MongoDB

MongoDB SQL Connector #

Scan Source: Bounded Lookup Source: Sync Mode Sink: Batch Sink: Streaming Append & Upsert Mode

The MongoDB connector allows for reading data from and writing data into MongoDB. This document describes how to set up the MongoDB connector to run SQL queries against MongoDB.

The connector can operate in upsert mode for exchanging UPDATE/DELETE messages with the external system using the primary key defined on the DDL.

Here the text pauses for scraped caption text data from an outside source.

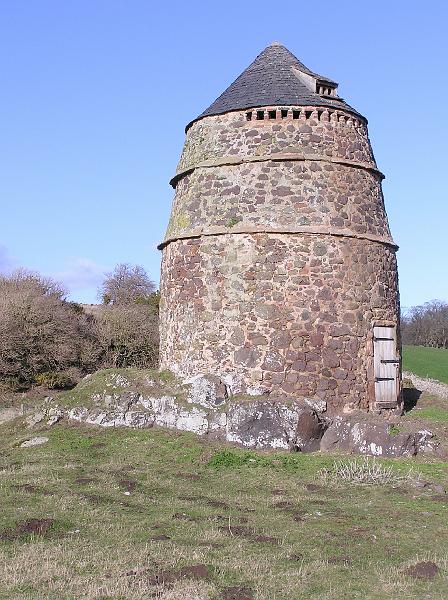 Drylaw Doocot.JPG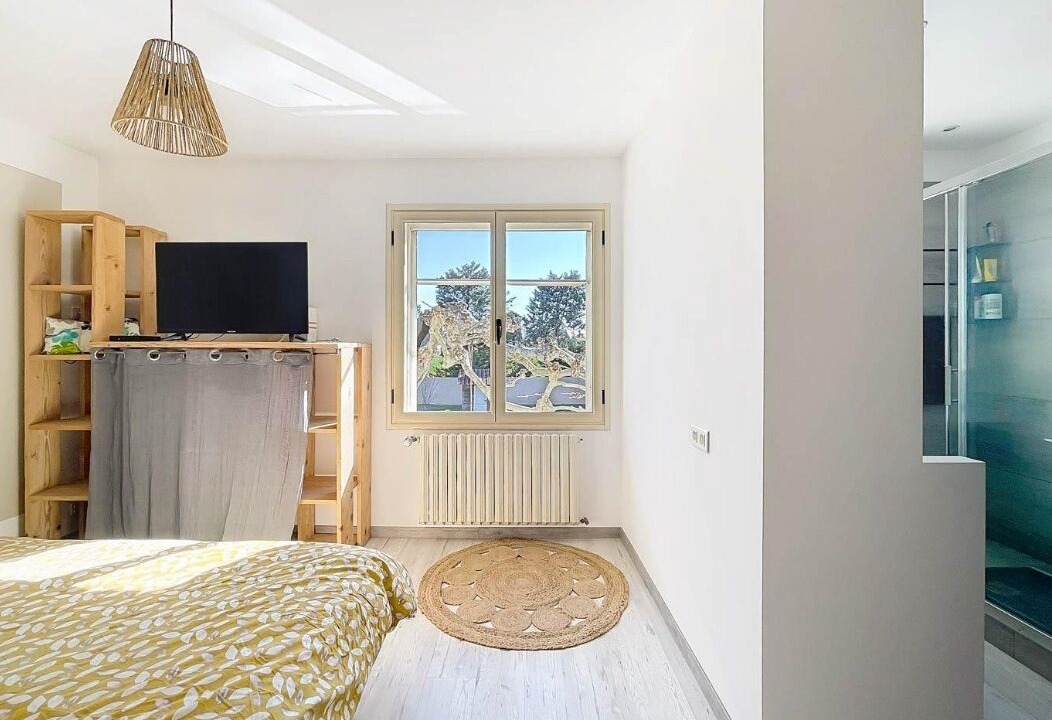 Photo of Bedroom in Chateaurenard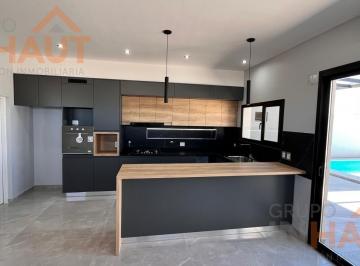 Casa · 128m² · 3 Ambientes · Casa en Neuquen
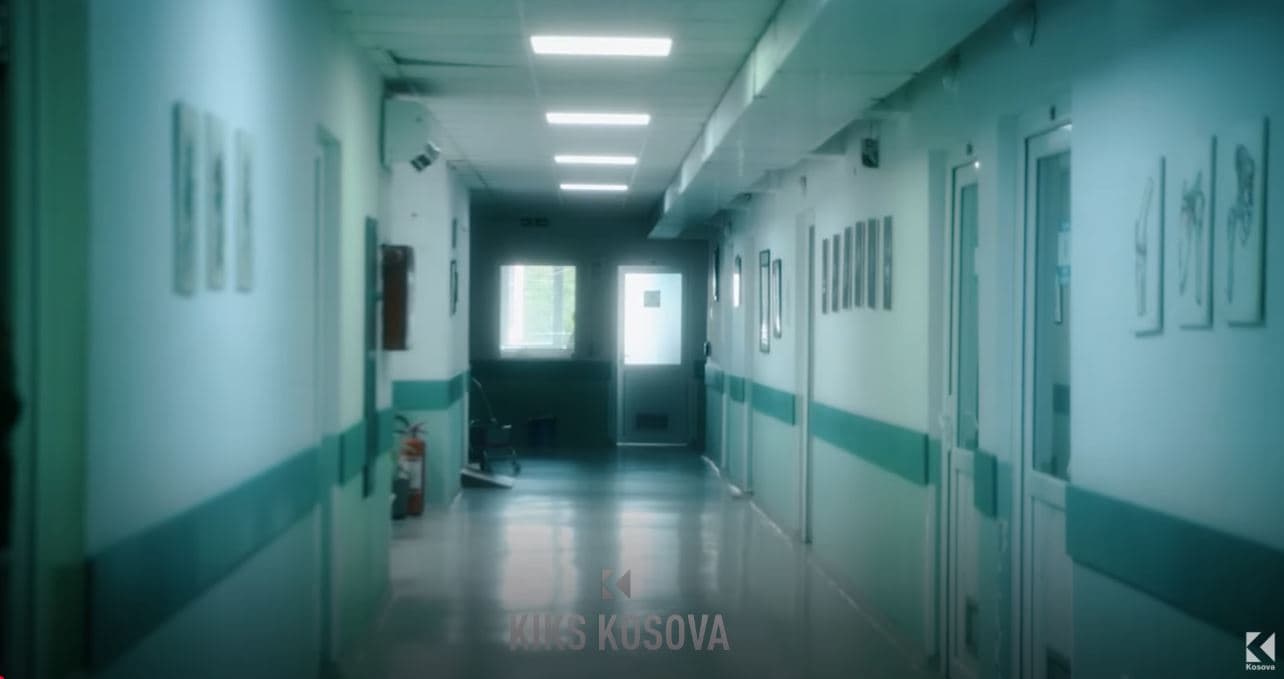 "Mjekët e mbytën për së gjalli, që tri vjet nuk mundet me lëvizë…" (VIDEO)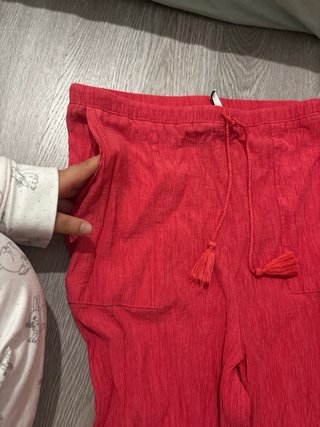 Pantalones Rojos de Tela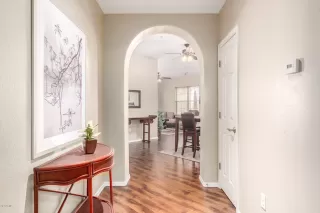 Photo #3: 6288929 Listing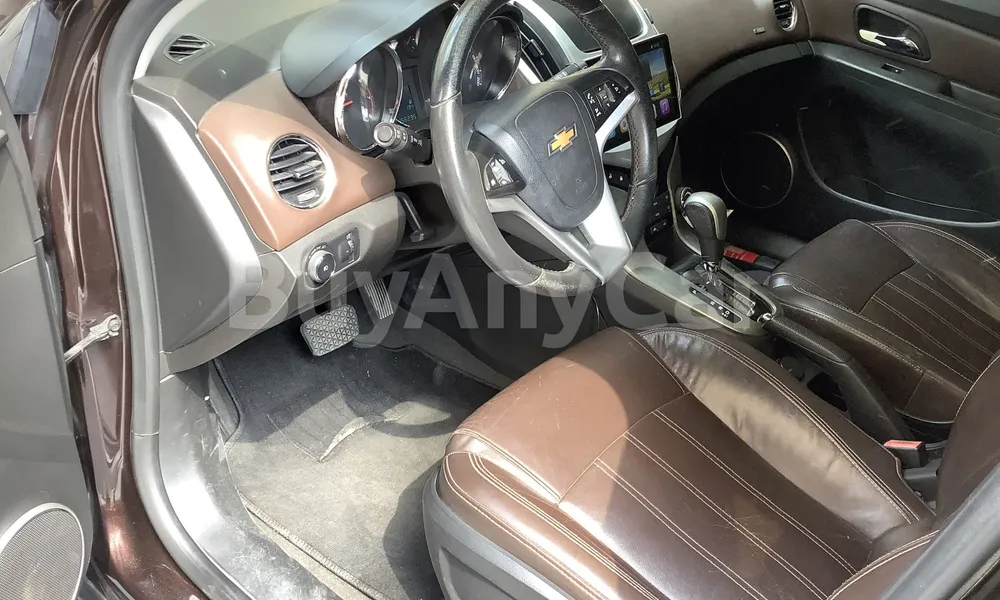 Vehicle photo 9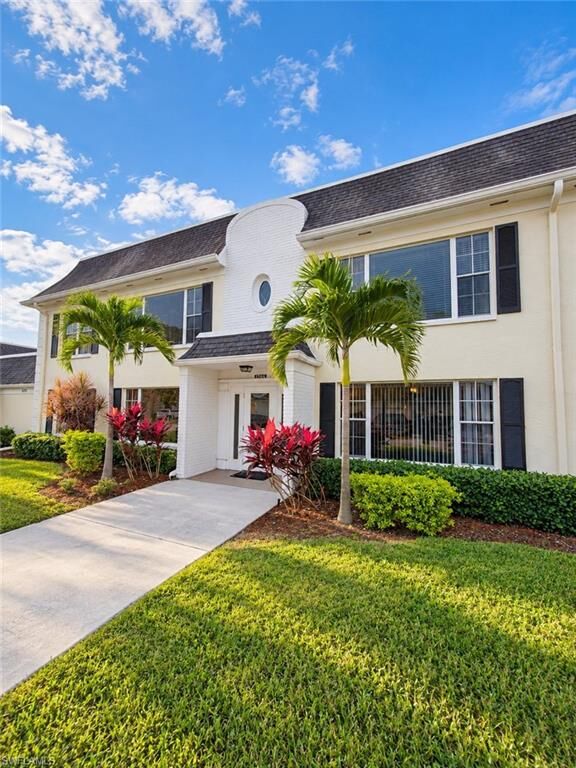 Property Photo:  1304 S Brandywine Cir 3  FL 33919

If no primary key is defined on the DDL, the connector can only operate in append mode for exchanging INSERT only messages with external system.

Dependencies #

In order to use the MongoDB connector the following dependencies are required for both projects using a build automation tool (such as Maven or SBT) and SQL Client with SQL JAR bundles.

Maven dependency SQL Client
<dependency>
      <groupId>org.apache.flink</groupId>
      <artifactId>flink-connector-mongodb</artifactId>
      <version>1.1.2-1.19</version>
    </dependency>
Download

The MongoDB connector is not part of the binary distribution. See how to link with it for cluster execution here.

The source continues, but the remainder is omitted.